Exercise: The reply should consist solely of the lines from the one with "Pure Collection Striped" through the final line of the listing, copied exactly, with no pictures.

-- Opening Marker --

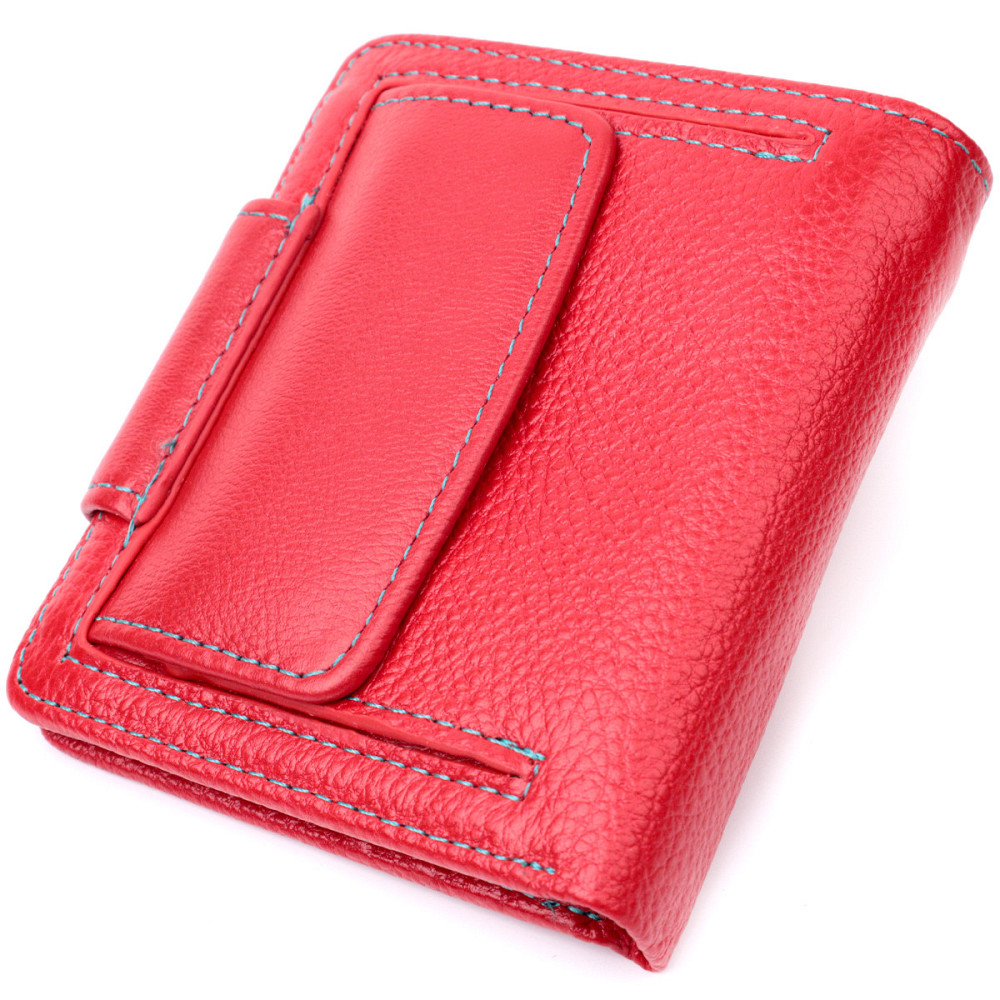 Шкіряний яскравий гаманець з монетницею ST Leather 19453 Червоний Київ - фото 2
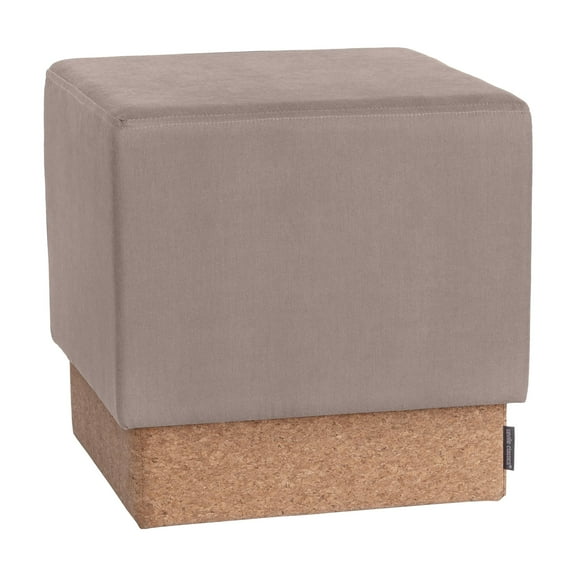 Seville Classics The Vineyard Collection Cork Storage Ottoman Cushioned Fabric, Padded Seat for Bedroom, Dorm, Loft, Living Room, Entryway, Hallway, Taupe, 15" Cube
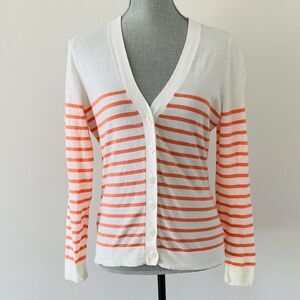 Pure Collection Striped Cotton Cardigan Sweater Orange Stripe Sz 8 Nautical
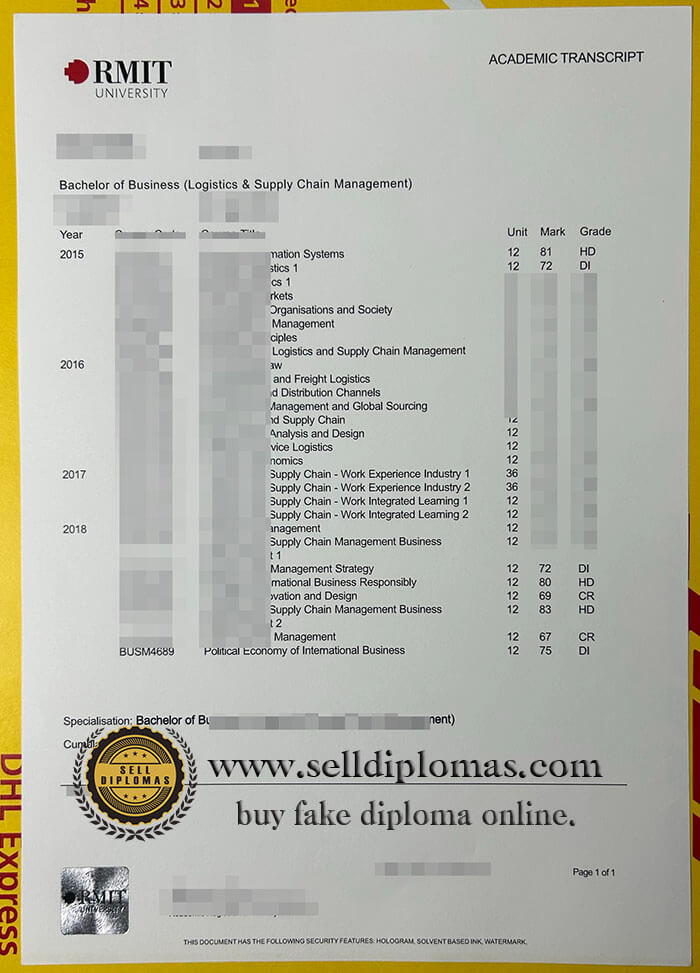 buy fake RMIT university transcript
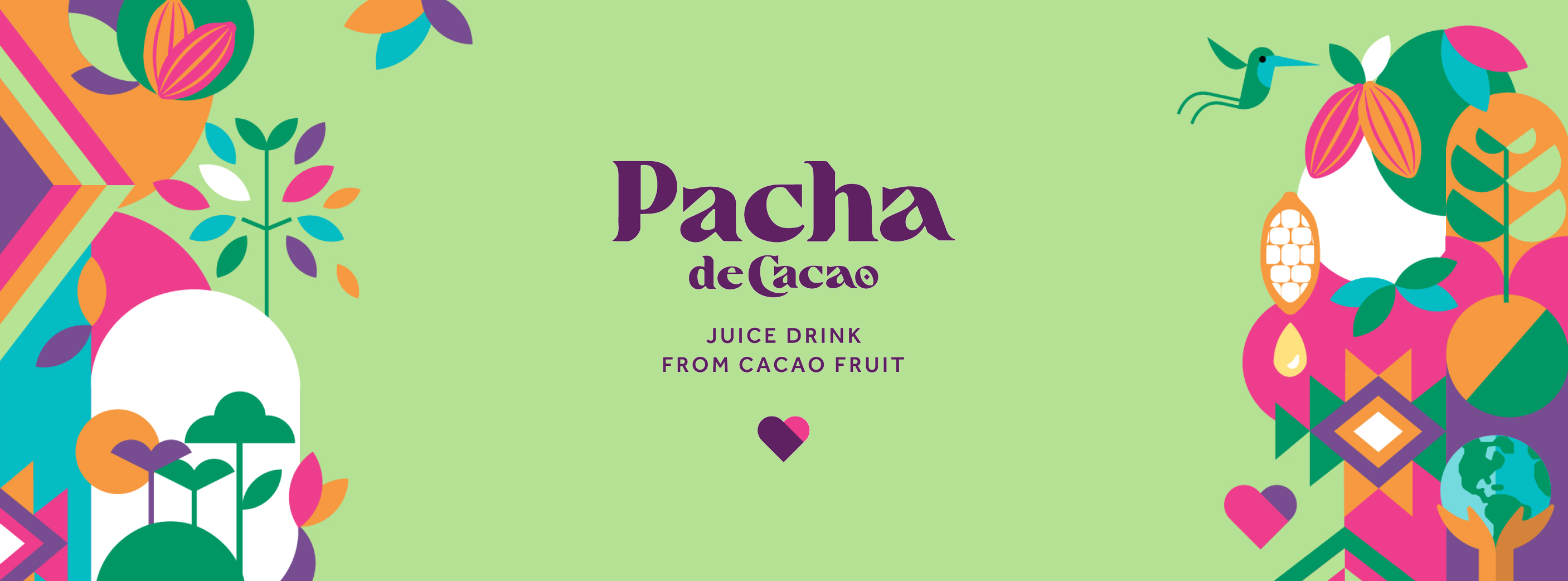 Banner with graphics and logo of Pacha de Cacao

-- Closing Marker --

Written response:
 Pure Collection Striped Cotton Cardigan Sweater Orange Stripe Sz 8 Nautical
 buy fake RMIT university transcript
 Banner with graphics and logo of Pacha de Cacao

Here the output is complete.